WHAT YOU SHOULD DO -> If an entry holds a picture, drop the picture but restate the entry word for word.

[Collected data entries]
+++++

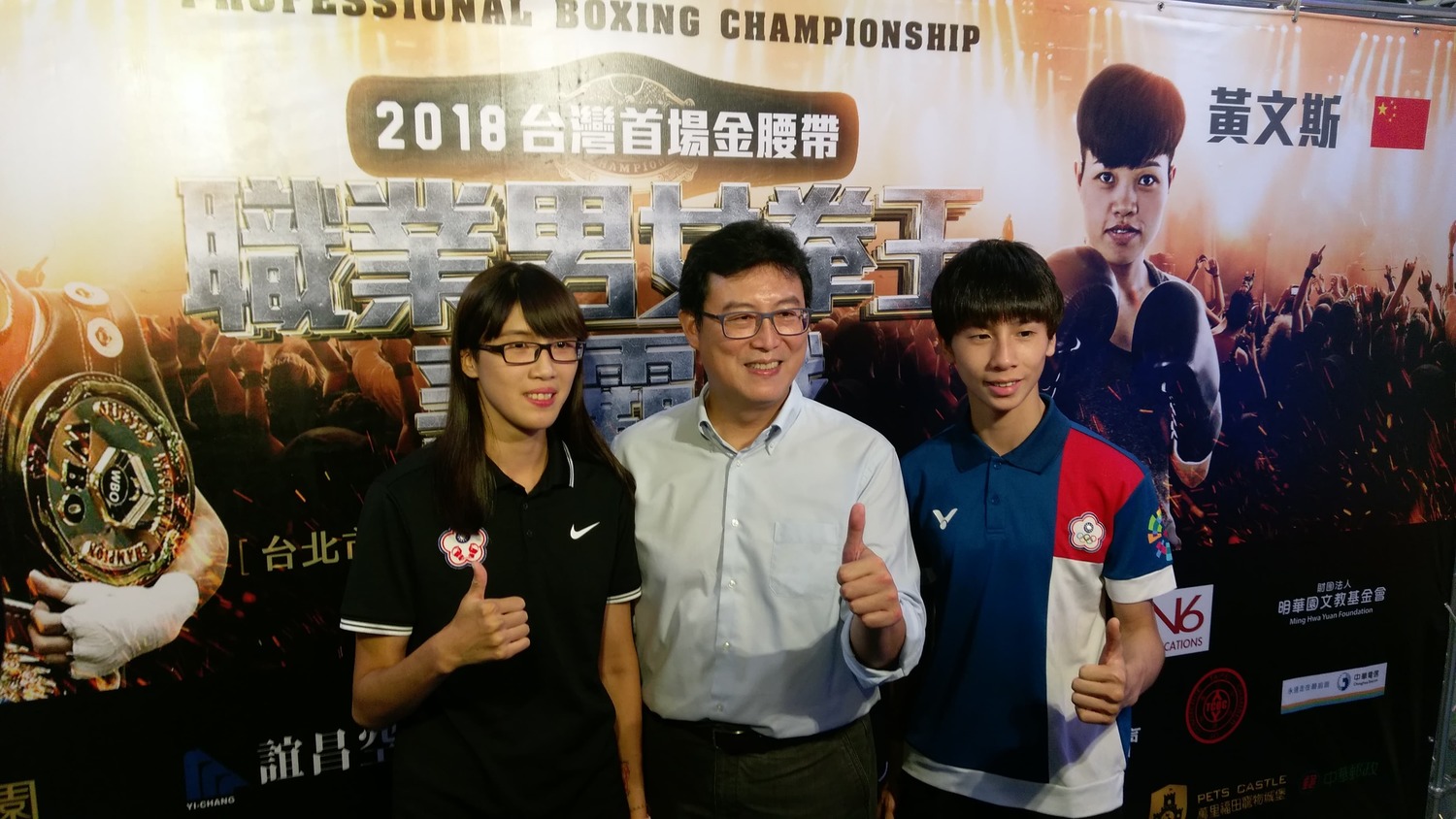 姚文智與亞運拳擊銅牌選手林郁婷(右)、黃筱雯(左)合影。 圖:陳佩君/攝 姚文智與亞運拳擊銅牌選手林郁婷(右)、黃筱雯(左)合影。 圖:陳佩君/攝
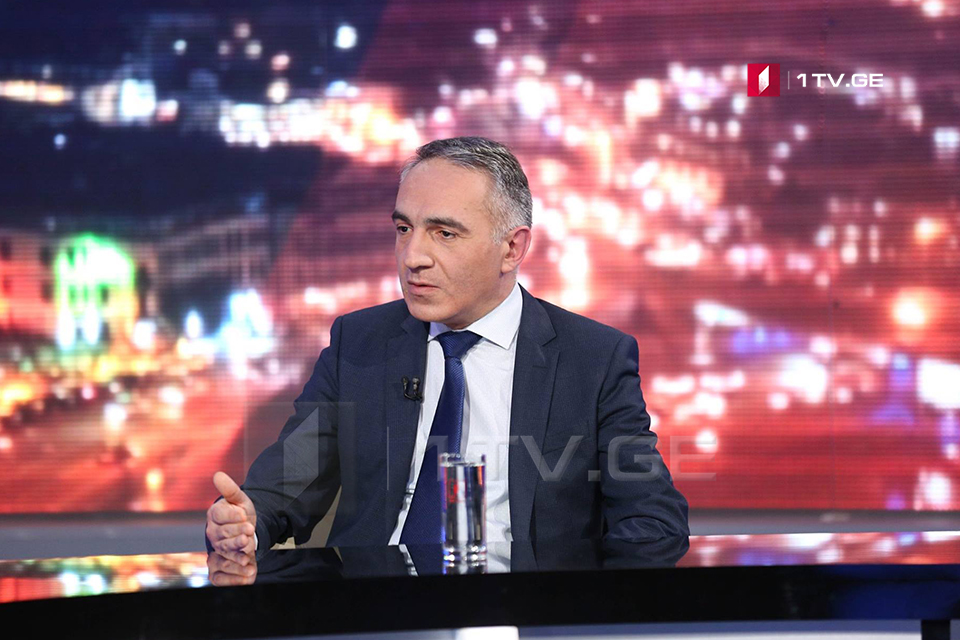 საქართველოში მარტის ბოლოს პირველი სამეცნიერო ფორუმის გამართვა იგეგმება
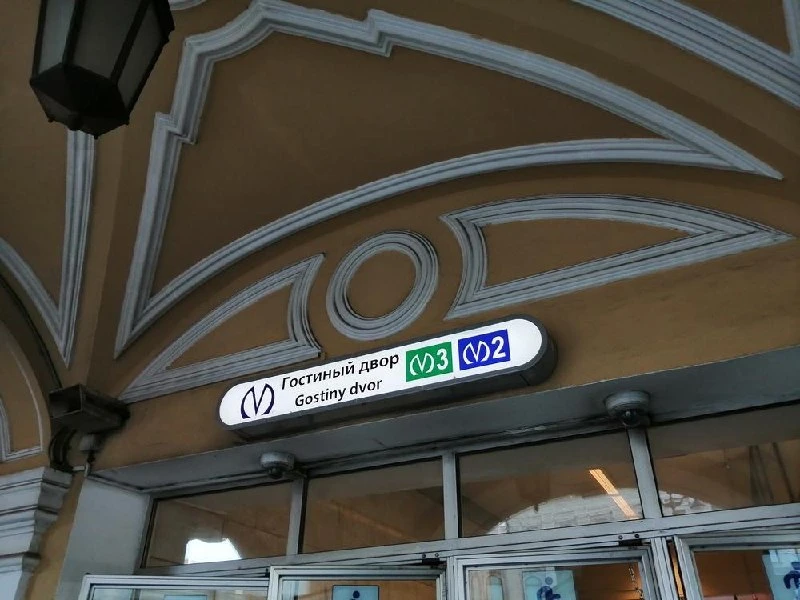 💰Суд взыскал с метро Петербурга 170 тысяч рублей из-за падения пассажирки после остано...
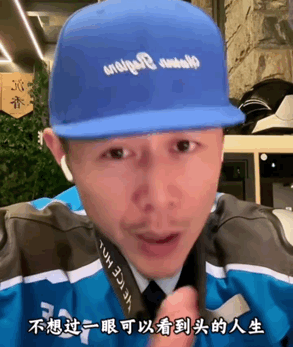 7天涨粉130万!爆红的大冰突然停播,放弃“泼天富贵”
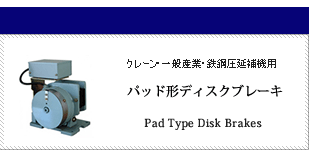 ディスク形電磁ブレーキ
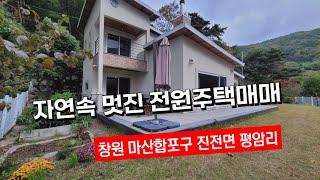 도심인근 휴양지같은 전원주택매매, 마산합포구 진전면 평암리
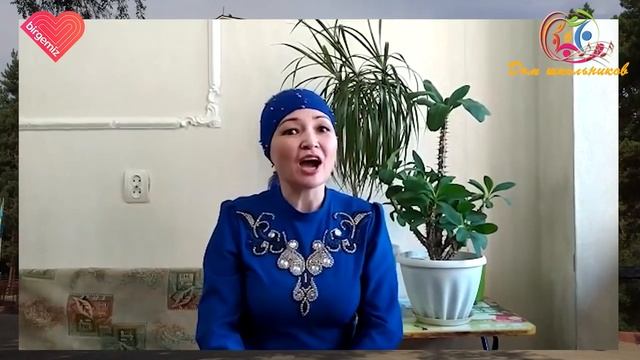 1 мая! Поздравление на разных языках! День единства народа Казахстана!#домшкольников6 #1мая смотреть онлайн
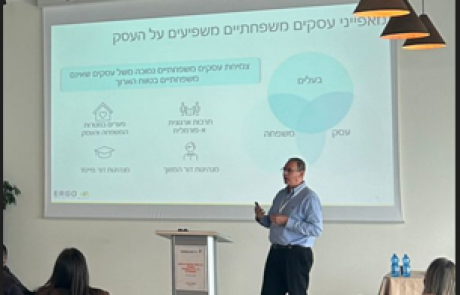 שיתוף פעולה של ארגו עם עוה”ד שלום הרשקוביץ ונטלי דוידאי מפירמת פישר FBC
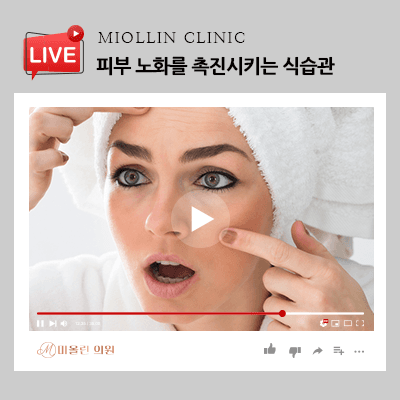 피부 노화를 촉진시키는 식습관, 꼼꼼하게 살펴봐요!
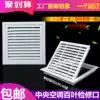 Suspended ceiling ABS central air conditioning outlet inspection port Blinds maintenance port Air conditioning access port Air vent customization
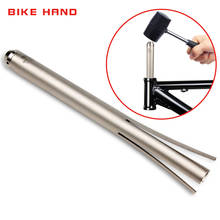 BIKEHAND-Herramienta de extracción de cojinetes de ajuste a presión, 28,6mm, BB, pedalier, bicicleta, B.B. Herramienta de extracción de montaje de cuenco de Marco 2024 - compra barato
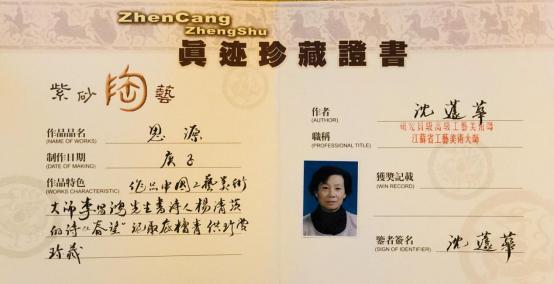 风化砂洗砂机31沃力机械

+++++

REPLY TO THE TASK ->
 姚文智與亞運拳擊銅牌選手林郁婷(右)、黃筱雯(左)合影。 圖:陳佩君/攝 姚文智與亞運拳擊銅牌選手林郁婷(右)、黃筱雯(左)合影。 圖:陳佩君/攝
 საქართველოში მარტის ბოლოს პირველი სამეცნიერო ფორუმის გამართვა იგეგმება
 💰Суд взыскал с метро Петербурга 170 тысяч рублей из-за падения пассажирки после остано...
 7天涨粉130万!爆红的大冰突然停播,放弃“泼天富贵”
 ディスク形電磁ブレーキ
 도심인근 휴양지같은 전원주택매매, 마산합포구 진전면 평암리
 1 мая! Поздравление на разных языках! День единства народа Казахстана!#домшкольников6 #1мая смотреть онлайн
 שיתוף פעולה של ארגו עם עוה”ד שלום הרשקוביץ ונטלי דוידאי מפירמת פישר FBC
 피부 노화를 촉진시키는 식습관, 꼼꼼하게 살펴봐요!
 Suspended ceiling ABS central air conditioning outlet inspection port Blinds maintenance port Air conditioning access port Air vent customization
 BIKEHAND-Herramienta de extracción de cojinetes de ajuste a presión, 28,6mm, BB, pedalier, bicicleta, B.B. Herramienta de extracción de montaje de cuenco de Marco 2024 - compra barato
 风化砂洗砂机31沃力机械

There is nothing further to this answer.